We can see several things :
- more than one box can be associated to an image, 
- boxes's coordinates are listed into label,except that in place of (x y w h) format, coordinates indicated in label are formated as (x1 y1 x2 y2).
- finally, diagnostic is not present in label, so we have to consider that opacity term means for us to search for the corresponding class.

Last check to perform is to verify if it can be more than one diagnostic per image :

In [None]:
print('Nb of images with more than one diagnostic : ', 
        len(mdf[mdf['negative']+mdf['typical']+mdf['indeterminate']+mdf['atypical']>1]))

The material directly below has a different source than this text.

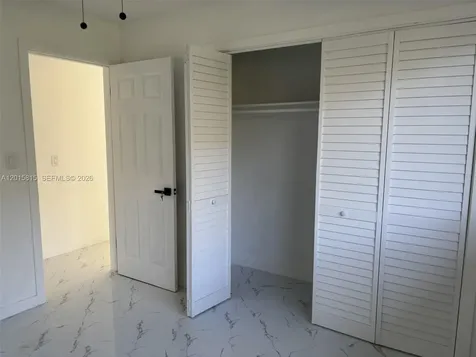 7343 SW 21st Street Miami FL 33155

It seems that we have all we need to begin to plot some graphics.
<br>Let's add some informations : the diagnosis as categorical variable and the number of spot (understand boxes).

In [None]:
mdf['nbSpot'] = mdf['label'].apply(lambda lab: lab.count('opacity'))
mdf['diagnosis'] = mdf[['negative','typical','indeterminate','atypical']].idxmax(axis=1)

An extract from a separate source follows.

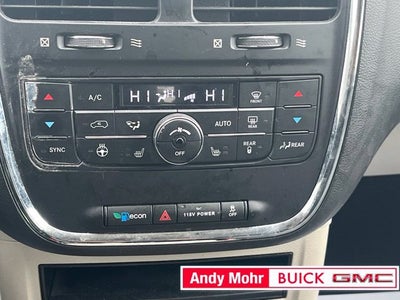 2016 Chrysler Town & Country Touring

**Graphs serie 1 : Diagnosis repartition**

In [None]:
diagnosisColors = ['b','r','g','y']

plt.figure(figsize = (14, 6))

plt.suptitle('Diagnosis repartition')
plt.subplot(1, 2, 1)

sns.set();
ax=sns.countplot(x = mdf['diagnosis'].sort_values(), palette = diagnosisColors)

for p in ax.patches:
        ax.annotate('{}'.format(p.get_height()), 
                    (p.get_x()+0.2, p.get_height()+50))

plt.subplot(1, 2, 2)

mdf['diagnosis'].value_counts(normalize=True).sort_index().plot(kind='pie', 
                                                 colors = diagnosisColors, 
                                                 explode = [0.025, 0.025, 0.025, 0.2],
                                                 autopct = lambda x : str(round(x, 2)) + '%')

plt.show()



We can already see that the "typical" diagnosis represents almost half of the dataset. Conversely, the "atypical" diagnosis represents only 7.63%.

In [None]:
def plotDiagnosis(ax, text, color):
    ax=sns.countplot(x = mdf[mdf[text]==1].nbSpot, color=color)

    for p in ax.patches:
        ax.annotate('{}'.format(p.get_height()), 
                    (p.get_x()+0.2, p.get_height()+3))
    plt.ylabel('')
    plt.xlabel('nb ' + text + ' spots per image')
    
fig = plt.figure(figsize=(15,4))

plt.subplot(1, 3, 1)
plotDiagnosis(ax, 'atypical', diagnosisColors[0])

plt.subplot(1, 3, 2)
plotDiagnosis(ax, 'indeterminate', diagnosisColors[1])

plt.subplot(1, 3, 3)
plotDiagnosis(ax, 'typical', diagnosisColors[3])

plt.show()

"atypical" and "indeterminate" diagnosis follow more or less the same pattern: a majority of images have 1 single identified spot, then come the images with 2 spots.
For the "typical" diagnosis, on the other hand, the vast majority of images have 2 spots.